Service mesh provides unparalleled observability into microservices communication without requiring application code changes. After instrumenting production systems with service mesh observability, I’ve learned how to extract maximum value from the metrics, traces, and visualizations these systems provide.
The Observability Promise
Service mesh proxies (like Envoy) sit in the request path and automatically collect:
- Golden Signals: Request rate, error rate, latency, saturation
- Service Topology: Who talks to whom
- Distributed Traces: Request flow across services
- Traffic Patterns: Protocol types, response sizes, retry behavior
All without modifying application code.
Metrics That Matter
Service mesh generates thousands of metrics.
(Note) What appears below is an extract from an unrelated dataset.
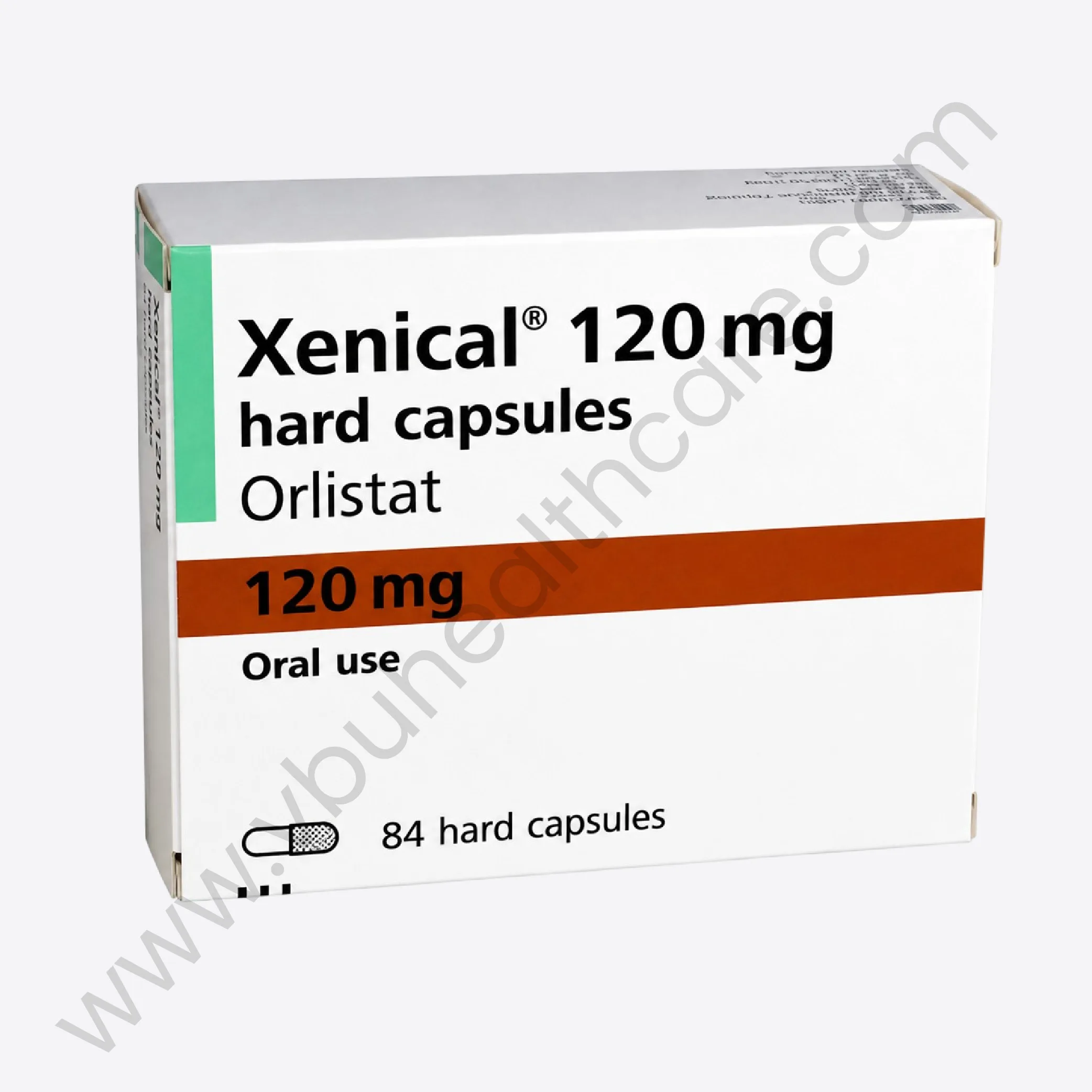 Generic Xenical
Focus on these:
Request Metrics
# Request rate by service
sum(rate(istio_requests_total[5m])) by (destination_service_name)
# Error rate
sum(rate(istio_requests_total{response_code=~"5.."}[5m])) by (destination_service_name)
/
sum(rate(istio_requests_total[5m])) by (destination_service_name)
# Latency percentiles
histogram_quantile(0.99,
sum(rate(istio_request_duration_milliseconds_bucket[5m]))
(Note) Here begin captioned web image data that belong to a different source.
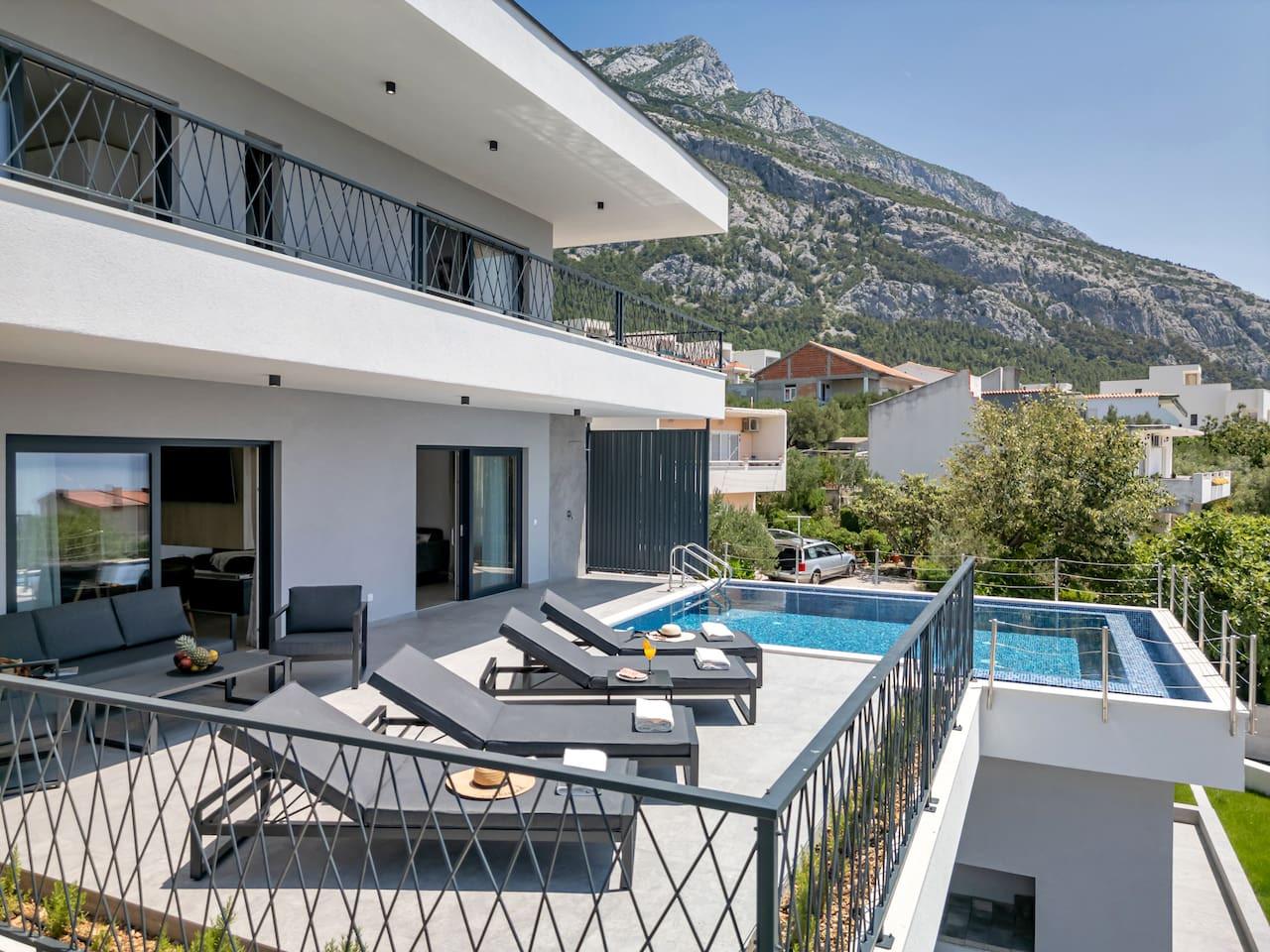 Villa Solas Lux - Makarska Exklusiv - view 1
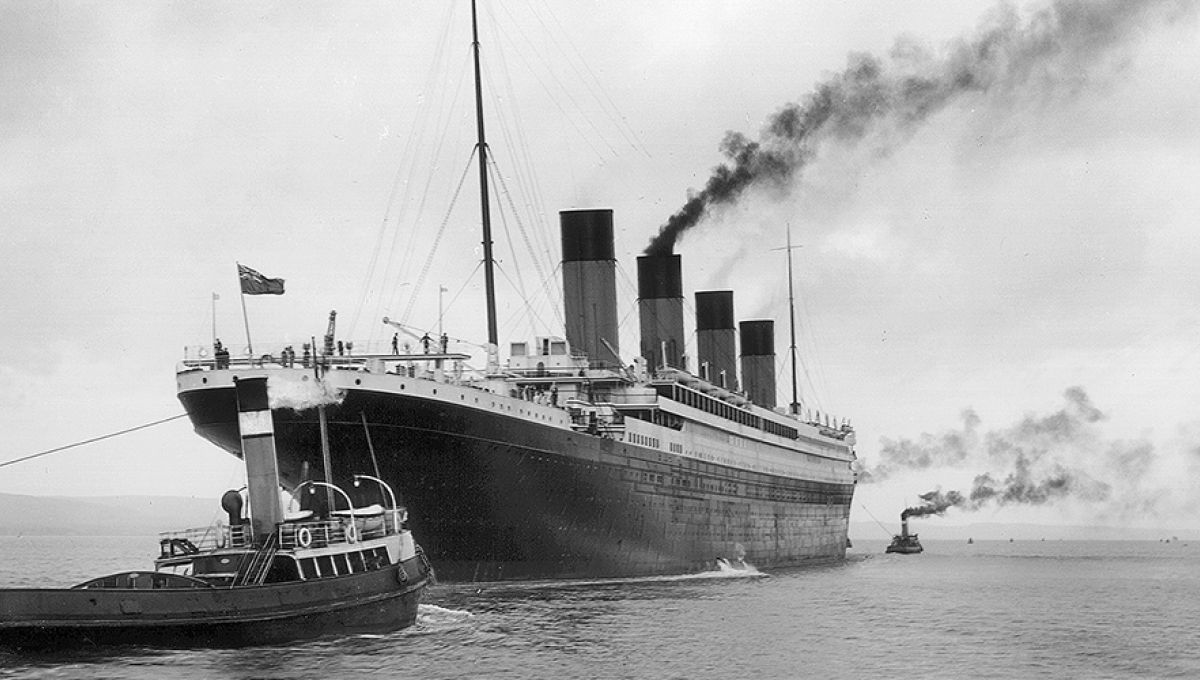 [Thread] :Le Titanic, une histoire en quelque chiffres au milieu d'anecdotes diverses.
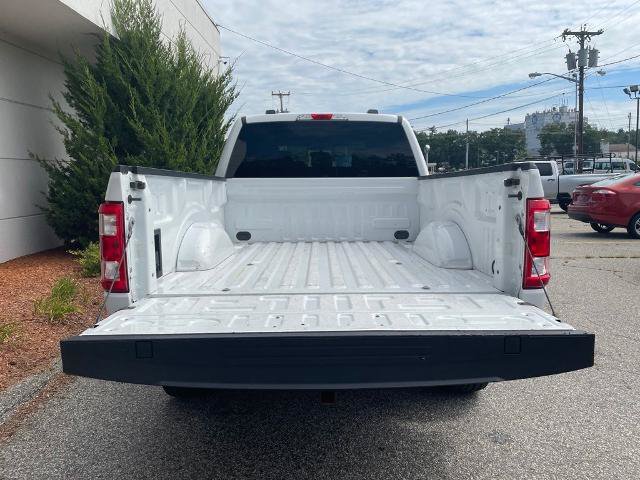 Certified 2021 Ford F150 XL w/ Trailer Tow Package AWD/4WD image 10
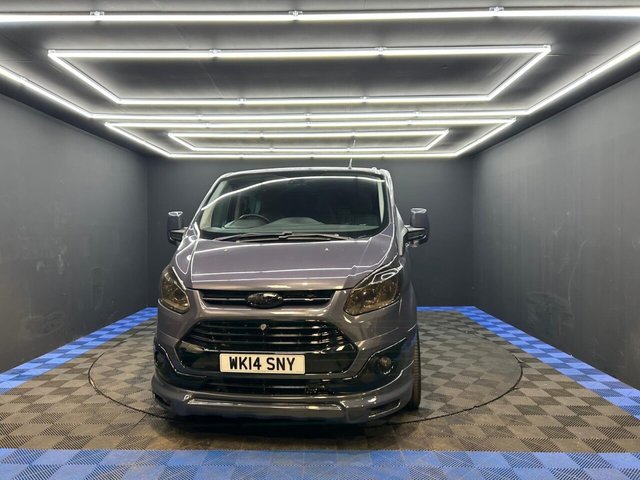 2014 FORD TRANSIT CUSTOM - Photo 4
by (destination_service_name, le)
)
Traffic Flow Metrics
# Traffic between specific services
sum(rate(istio_requests_total{
source_workload="frontend",
destination_service_name="api-service"
}[5m]))
# Cross-namespace traffic
sum(rate(istio_requests_total[5m]))
by (source_workload_namespace, destination_service_namespace)
Connection Pool Metrics
# Active connections
envoy_cluster_upstream_cx_active
# Connection failures
rate(envoy_cluster_upstream_cx_connect_fail[5m])
# Connection timeouts
rate(envoy_cluster_upstream_cx_connect_timeout[5m])
Grafana Dashboards
Build comprehensive dashboards:
{
"dashboard": {
"title": "Service Mesh Overview",
"panels": [
{
"title": "Request Rate",
"targets": [{
"expr": "sum(rate(istio_requests_total[5m])) by (destination_service_name)"
}],
"type": "graph"
},
{
"title": "Error Rate by Service",
"targets": [{
"expr": "sum(rate(istio_requests_total{response_code=~\"5..\"}[5m])) by (destination_service_name)"
}],
"type": "graph"
},
{
"title": "P99 Latency",
"targets": [{
"expr": "histogram_quantile(0.99, sum(rate(istio_request_duration_milliseconds_bucket[5m])) by (destination_service_name, le))"
}],
"type": "graph"
},
{
"title": "Success Rate",
"targets": [{
"expr": "sum(rate(istio_requests_total{response_code!~\"5..\"}[5m])) / sum(rate(istio_requests_total[5m]))"
}],
"type": "singlestat"
}
]
}
}
Distributed Tracing
Service mesh enables automatic trace propagation:
# Istio tracing configuration
apiVersion: install.istio.io/v1alpha1
kind: IstioOperator
spec:
meshConfig:
enableTracing: true
defaultConfig:
tracing:
sampling: 1.0 # 100% sampling
zipkin:
address: jaeger-collector.observability:9411
Application only needs to propagate trace headers:
func (h *Handler) ServeHTTP(w http.ResponseWriter, r *http.Request) {
// Extract trace headers
headers := []string{
"x-request-id",
"x-b3-traceid",
"x-b3-spanid",
"x-b3-parentspanid",
"x-b3-sampled",
"x-b3-flags",
}
// Forward to downstream services
req, _ := http.NewRequest("GET", "http://downstream-service", nil)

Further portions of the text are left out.